§ Records for this task
════

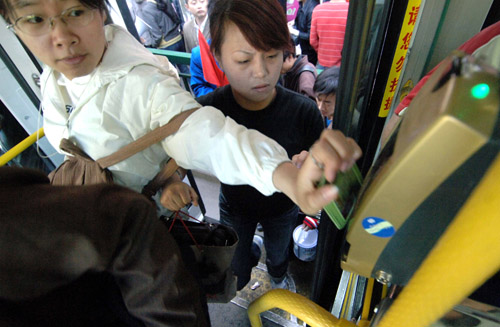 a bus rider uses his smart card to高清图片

════

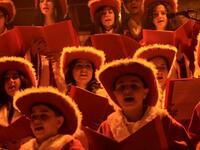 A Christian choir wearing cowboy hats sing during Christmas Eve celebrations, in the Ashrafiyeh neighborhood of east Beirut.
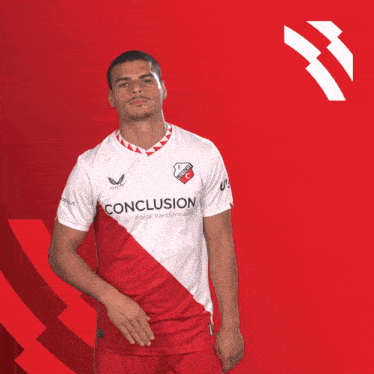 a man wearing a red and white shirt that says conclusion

════

§ Problem
Pictures excluded, reproduce only the part above that opens with the line holding "A Christian choir" and closes with the line holding "a man wearing", exactly as written.

§ Final answer
 A Christian choir wearing cowboy hats sing during Christmas Eve celebrations, in the Ashrafiyeh neighborhood of east Beirut.
 a man wearing a red and white shirt that says conclusion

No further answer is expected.